We woke again in the early afternoon to much the same sound on the roof, and the same view, only different vans, plus the day’s coach tours, outside our window. We visited the museum at Å, which seemed to take over most of the small fishing village, and mused on how hard life was and how truly disgusting cod-liver oil is, having tasted some in the little shed where it used to be produced as one of the village’s economic mainstays. It really is made from boiling down the livers of many, many cod.


Å village museum

Å has many of the features found in Lofoten fishing villages - a jumble of wooden storerooms and workshops for fishermen and fishing equipment built out on stilts above the rocky creeks around the harbour, all painted the uniform rusty red and with a backdrop of sheer mountains. The wooden huts are called rorbu (‘rowers’ dwellings’) for the small ones and sjøhus (‘sea house’) for the larger, but these days very few in such scenic places as Å serve their original purpose, having been converted into lucrative, and very attractive, tourist accommodation. These conversions were so successful as tourism took off in from the 1960s onwards, that many new rorbuer and sjøhus were built specially as holiday homes. This phenomenon went hand in hand with the decline of much of the older small-scale fishery and subsistence agriculture, and brought a welcome income to communities facing uncertain futures.


Å rorbu

Fishing is the Lofotens’ main industry, although vying now with tourism in the short summer. Many small boats are still used, although recent fisheries policy has favoured larger trawlers. In the winter the seas hereabouts teem with fish, and most of the catch is brought in during these busy months. The Lofotens specialise in dried and salted cod, or ‘stockfish’, and have done for centuries. Much of the bacalao / bacalhau consumed in Spain and Portugal comes from here, and it is traditionally dried on large wooden racks that stand in the open air on rocks above and around the fishing villages. These, like the rorbuer, are a feature of the landscape, and in summer they stand bare and stark on the hillsides, but in winter and spring will be covered with thousands of cod carcasses hung up to dry.


Cod drying racks

We only saw Å in the rain, but then moved on up the coast of the island, Moskenesøya, which is the last and westernmost of the chain. It is almost split in two by a three-pronged fjord that cuts deep into the craggy mountains. At the mouth of the fjord, the road threads across a series of causeways and high, one-way, bridges linking the villages of Reine, Sakrisøy and Hamnøy. The road then skirts the southern edge of the islands, with fantastic views on a good day of the wall of mountains stretching in a seemingly endless line, and on a very clear day, the snow-capped peaks of the mainland running almost parallel to the south-east. Not that the views were so good in the rain on Tuesday (20th July).

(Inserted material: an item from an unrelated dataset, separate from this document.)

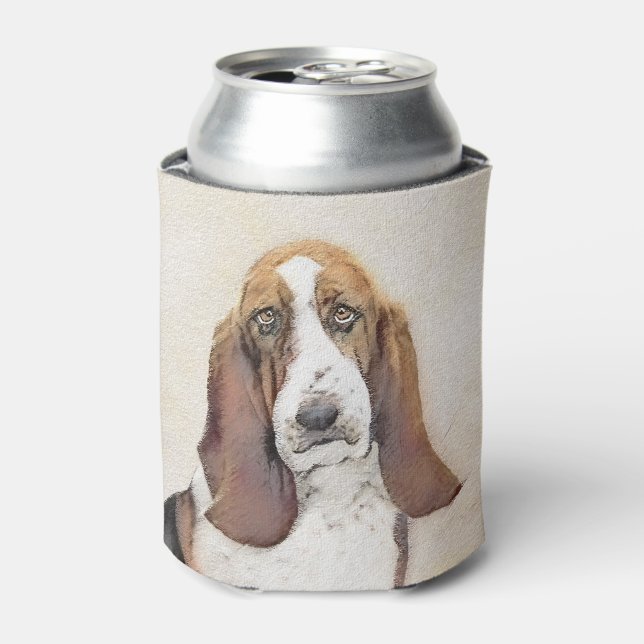 Basset Hound Painting - Cute Original Dog Art Can Cooler (Can Front)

Cod heads at Sakrisøy for export to Nigeria for use in a spicy soup - Egusi


The rain actually eased off enough on Tuesday afternoon to give us a chance to try our hand at fishing, so we stopped at the harbour in Sund where two lads seemed to already be hauling a fair catch. We ummed and ahhed a lot at first, embarrassed at being complete beginners in front of the natives, but after they’d given us one of their coley – ‘sei’ in Norwegian, and very plentiful hereabouts - possibly out of pity, we decided to try it ourselves. I’m sure that anyone watching us cast would have been in stitches. Armed with the instructions from the back of the rod’s shrink wrapped packaging and using a 5 kroner coin, which has a hole in the middle, to practice with instead of our 15 kroner lure, we began our first casts. Unfortunately, due to rubbish knot tying, the coin flew off and plopped into the harbour – and that was 50p down the drain. Then, our complete failure to understand equipment as simple as the reel meant that every time we cast all the line sprang off and tangled into a mess. We retreated back to the van with the only option being to Google for fishing tips at our next internet opportunity and in the meantime to untangle the line. Still, the whole fishing trip can’t be classed as unsuccessful as the two lads gave us another 3 fish, one of which was a small cod.


Fishing at Sund

The weather improved on Wednesday so we headed back to Reine to take a boat trip on Reine fjord, after spending an hour untangling our fishing line following Tuesday’s attempts on the hunting front. The plan was that I (Rob) would get off at the tip of the fjord and make my way overland via footpaths to the place where we were camped, while Lesley and Charlie would take the round trip and return in the van, but alas the boatman had other ideas, insisting that round trips were offered only in the mornings, so I ended up going alone. And by Thursday the rain had descended again so we never got the scenic round trip of Reine fjord.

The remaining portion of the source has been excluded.